In 1995, the Cleveland Indians hit 207 home runs. Albert Belle, Jim Thome, Manny Ramirez, Paul Sorrento, and Eddie Murray all reached the 20 home run mark.

A decade later in 2005, a year of contention, the Indians matched that total and could even field a lineup of hitters with at least 16 home runs

In 2010, 15 years from that powerful '95 year, the Indians are in danger of not even having one player reach that mark for the first time since 1983.

Andre Thornton and Gorman Thomas, the only players with double digit home runs, were both three shy of 20. With just about a month left in the season, Shin-Soo Choo is the only one close enough to hit 20 this season, something he barely did last year to prevent this statistic from being a reality in 2009.

Even in the down years of Mark Shapiro’s rebuilding phase, the club found someone to hit 20 home runs in a season. I guess you could pin injuries to the club’s biggest home run threats as a reason for this year’s scare, but there actually is an overall lack of power within the organization.

So much so that it has to be concerning.

Choo missed a good chunk of time due to injuries, so one would figure that if he had that time back, plus the month that he has still left to play, he surely would reach the number in question, but he’s the only one even close.

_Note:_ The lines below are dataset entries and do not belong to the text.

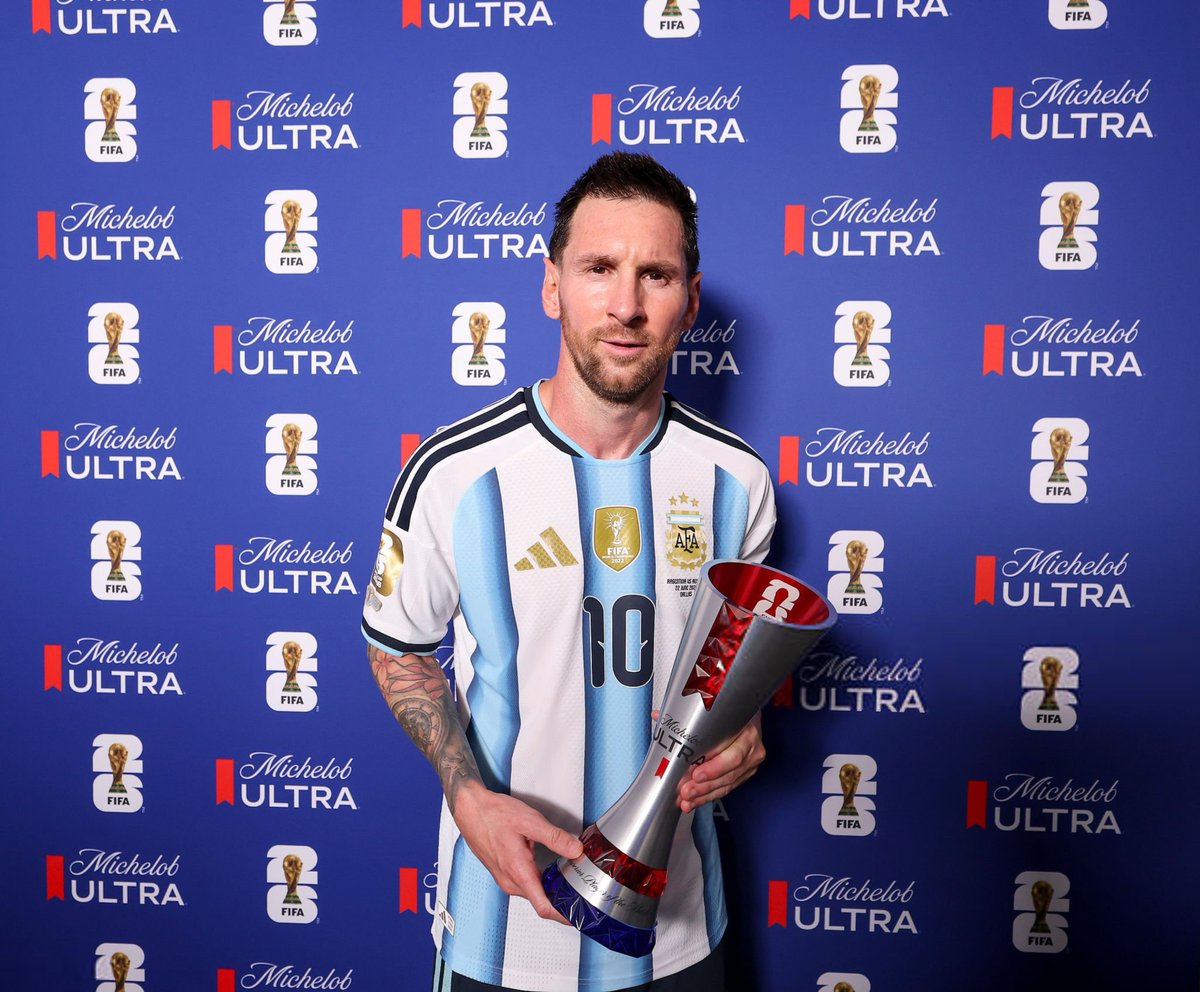 lnstantFoot's tweet photo. 🏆 vs Algérie
🏆 vs Autriche 
🏆 vs Cap-Vert
🔝 Meilleur buteur de la Coupe du Monde (7 buts)

Tout ça à 39 ans. 🐐🇦🇷 https://t.co/6Wf5rDCV2K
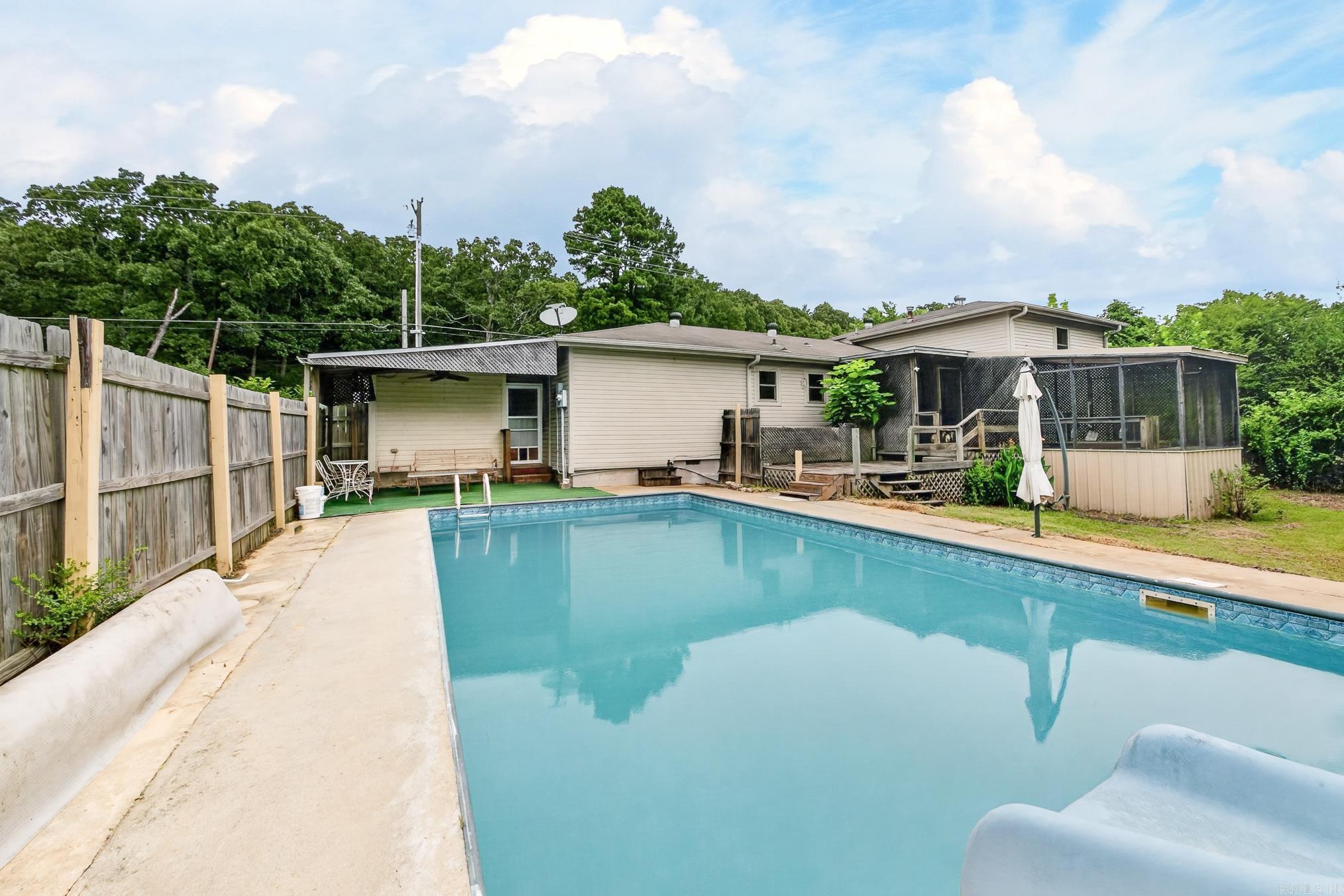 MACON HEIGHTS - Residential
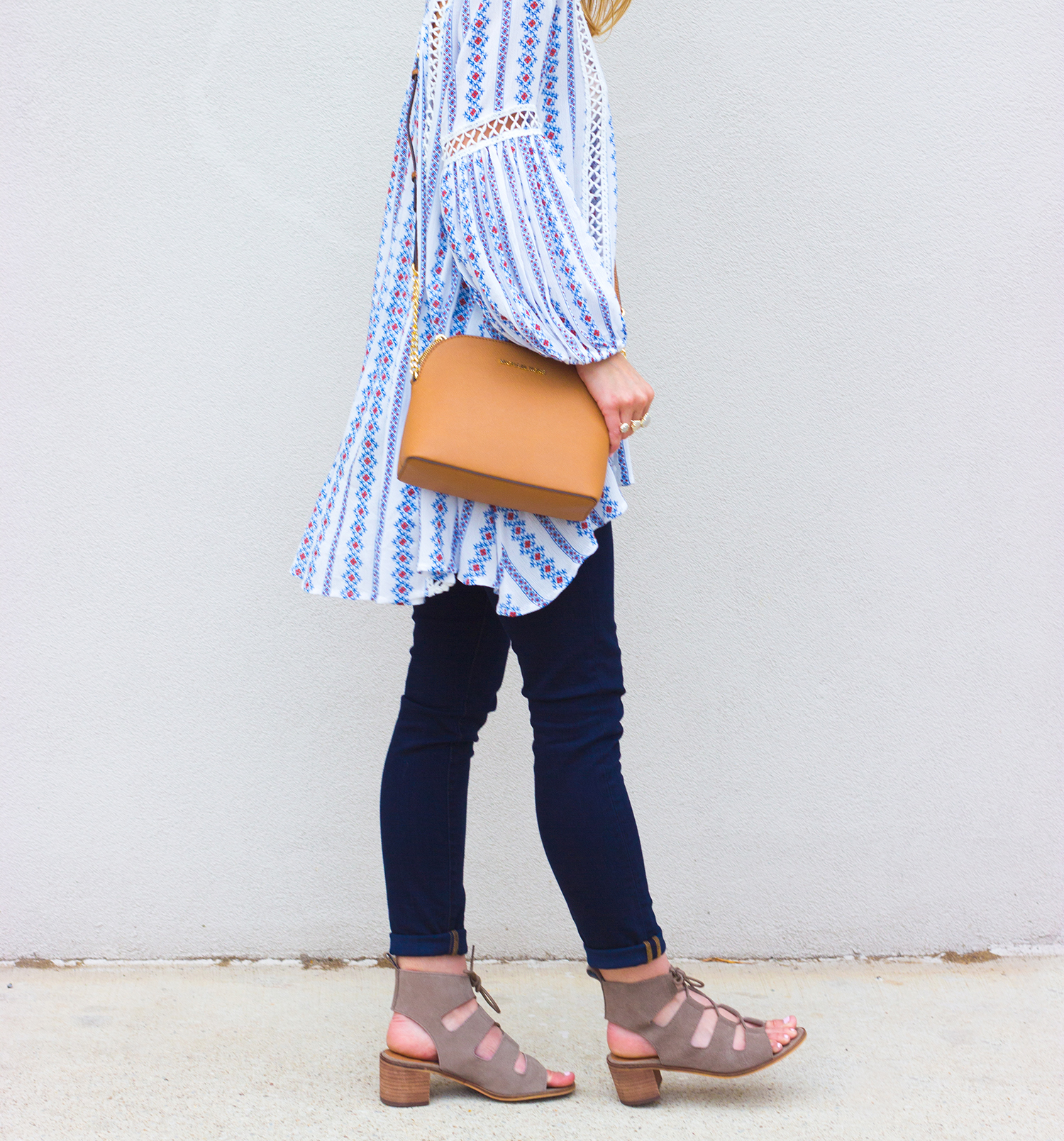 livvyland-blog-olivia-watson-boho-printed-oversize-tunic-chicwish-rebecca-minkoff-dark-wash-skinny-jeans-olivia-watson-austin-texas-fashion-blogger-steve-madden-roslyn-lace-up-sandals-4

As it stands, there are only two players right now in the organization that have even reached that number and Choo may be the only one who has a legitimate chance to join them. Jared “Rare Breed” Goedert leads the organization with 25 home runs, and Matt McBride recently joined the ranks of 20 this past week.

J. Goedert

25 (18 AAA, 7 AA) A. Abraham 13 (A-)
M. McBride 20 (3 AAA, 17 AA) N. Weglarz

13 (AAA, 7 AA)

C. Santana 19 (6 MLB, 13 AAA) S. Duncan 13 (7 MLB, 6 AAA)

L. Chisenhall

17 (AA) J. Rodriguez 12 (11 AAA, 1 AA)
J. Head 17 (2 AAA, 15 AA) C. Frawley 11 (A-)
S. Choo 15 (MLB) C. Chen 11 (5 A+, 6 A-)
J. Kipnis 15 (9 AA, 6 A+) J. Tice 11 (2 A+, 9 A-)
M. LaPorta 14 (9 MLB, 5 AAA) K. Sanchez 10 (A+)
W. Hodges 13 (AAA) T. Hafner 10 (MLB)
C. Kersten 13 (3 A+, 10 A-) J. Nix 10 (9 CLE, 1 CHW)

Take a look at the full-list of players in the organization that have hit at least 10 home runs this season.

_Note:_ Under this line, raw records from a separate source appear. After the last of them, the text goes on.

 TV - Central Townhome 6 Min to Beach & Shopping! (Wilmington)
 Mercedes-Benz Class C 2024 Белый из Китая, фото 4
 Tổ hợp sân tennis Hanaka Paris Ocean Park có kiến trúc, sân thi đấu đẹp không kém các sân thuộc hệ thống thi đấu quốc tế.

Up until this year, Goedert wasn't even on the major league radar and by most accounts a player like Jerad Head is an organizational body. Jason Kipnis isn't a power hitter and Lonnie Chisenhall's greatest attribute is his flat-out hitting, not necessarily his power numbers.

I know he's missed time and he isn't the "Pronk" of old, but isn't it the least bit sad that Karexon Sanchez has as many dingers as Travis Hafner? I'm one of the last people to get on Pronk, but seeing him barely making this list is, for lack of a better term, deflating.

The silver lining with the names on this list is that Grady Sizemore (not listed) missed virtually the entire year, Carlos Santana and Nick Weglarz had their seasons cut short, Matt LaPorta had some issues to iron out, and as already noted, Choo missed time with injuries.

The overall concern is that the Indians only really have one bonafied power hitter down the pipeline and that is Nick Weglarz. Individual names don't seem to be popping out, but the collective numbers are actually a lot more positive than the individual.

Compiled here, is a total of home runs hit collectively by all 30 MLB organizations and their top four farm teams, the Triple-A, Double-A, Advanced-A, and Low-A levels. The Tribe sits 19th overall with 481 total home runs hit.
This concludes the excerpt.